ADERSON BUSSINGER -
O resultado da votação no Senado, ontem, no qual 50 senadores aprovaram esta infame contra-reforma trabalhista no Brasil ecoa e traduz a seguinte mensagem: queremos a barbárie e a selvageria legalizada! Sim, por mais que seja "dourada" a pílula através deste ou aquele acordo pontual, a ser convertido em eventual medida provisória, é importante ter em conta que o principal objetivo dos diversos setores empresariais, -do comércio á indústria, passando pelo agronegócio-,foi atingido em cheio, com a adoção, na forma agora de lei, do conceito e norma que é a verdadeira antítese do Direito do Trabalho, qual seja, o negociado sobre o legislado.

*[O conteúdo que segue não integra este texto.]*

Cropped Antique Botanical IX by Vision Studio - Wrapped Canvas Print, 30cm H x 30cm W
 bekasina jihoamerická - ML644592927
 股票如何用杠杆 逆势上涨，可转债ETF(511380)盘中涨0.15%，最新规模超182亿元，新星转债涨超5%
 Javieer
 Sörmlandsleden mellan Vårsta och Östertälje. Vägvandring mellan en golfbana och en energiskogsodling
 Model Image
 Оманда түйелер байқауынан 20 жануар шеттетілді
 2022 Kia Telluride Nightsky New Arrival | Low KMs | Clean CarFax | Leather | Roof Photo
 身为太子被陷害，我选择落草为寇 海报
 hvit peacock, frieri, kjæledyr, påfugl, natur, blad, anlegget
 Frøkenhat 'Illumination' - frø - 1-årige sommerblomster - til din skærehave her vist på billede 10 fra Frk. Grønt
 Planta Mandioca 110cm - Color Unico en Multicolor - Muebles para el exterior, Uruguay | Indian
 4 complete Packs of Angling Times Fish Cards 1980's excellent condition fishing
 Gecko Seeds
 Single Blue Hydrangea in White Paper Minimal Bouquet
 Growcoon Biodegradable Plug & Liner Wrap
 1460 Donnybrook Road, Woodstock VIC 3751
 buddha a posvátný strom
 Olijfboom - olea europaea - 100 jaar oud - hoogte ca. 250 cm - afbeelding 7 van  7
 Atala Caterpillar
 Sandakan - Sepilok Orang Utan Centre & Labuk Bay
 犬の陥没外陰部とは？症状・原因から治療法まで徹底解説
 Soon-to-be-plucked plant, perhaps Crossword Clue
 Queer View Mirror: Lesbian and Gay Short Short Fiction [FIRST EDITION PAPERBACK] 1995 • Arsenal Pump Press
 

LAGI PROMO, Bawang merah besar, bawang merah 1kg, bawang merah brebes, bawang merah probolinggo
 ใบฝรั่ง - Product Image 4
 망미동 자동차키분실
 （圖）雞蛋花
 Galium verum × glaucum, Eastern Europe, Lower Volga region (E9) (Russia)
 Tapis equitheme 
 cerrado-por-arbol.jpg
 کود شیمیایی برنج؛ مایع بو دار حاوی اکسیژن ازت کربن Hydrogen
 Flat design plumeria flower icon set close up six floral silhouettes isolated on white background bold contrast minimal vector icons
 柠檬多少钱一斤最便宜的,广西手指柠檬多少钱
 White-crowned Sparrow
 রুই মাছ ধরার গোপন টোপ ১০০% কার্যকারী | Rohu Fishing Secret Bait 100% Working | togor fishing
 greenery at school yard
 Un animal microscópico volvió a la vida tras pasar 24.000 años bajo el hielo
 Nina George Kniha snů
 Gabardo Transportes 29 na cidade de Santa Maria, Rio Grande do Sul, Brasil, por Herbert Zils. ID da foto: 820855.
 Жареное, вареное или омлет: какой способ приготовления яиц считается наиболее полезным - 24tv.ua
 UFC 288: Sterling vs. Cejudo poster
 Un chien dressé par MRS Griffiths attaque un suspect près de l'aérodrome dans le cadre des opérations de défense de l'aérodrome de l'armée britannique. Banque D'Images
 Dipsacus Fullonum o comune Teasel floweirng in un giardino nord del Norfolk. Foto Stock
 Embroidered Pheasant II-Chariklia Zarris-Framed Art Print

Pois bem, além de todas as mazelas convertidas em lei pela Câmara dos Deputados e Senado Federal,alterando mais de 100 artigos e mais de 200 dispositivos, incluindo a terceirização, nenhuma é mais daninha que a prevalência do negociado nas relações de trabalho, sendo isto por uma razão muito simples e objetiva, pois as partes na relação trabalhista são intrinsecamente desiguais, desproporcionais, pelo que não há condição alguma de sequer cogitar uma negociação equilibrada, livre, assim como não temos um regime de estabilidade no emprego, ou minima proteção ao emprego, que pudesse minimamente oferecer proteção a quem "negocia", quando o trabalhador se opor ao que é proposto pelo empregador. Cabe, inclusive, rememorar que uma das primeiras medidas do golpe militar de 1964 foi exatamente substituir o regime de estabilidade decenal no emprego pelo FGTS, para que os empresários apoiadores do golpe pudessem impor sua pauta de arrocho salarial, sendo certo, que na maioria dos golpes, mundo afora, seja militar ou parlamentar-judicial, como o ocorrido contra Dilma, os direitos trabalhistas são sempre um dos alvos dos novos governos de plantão.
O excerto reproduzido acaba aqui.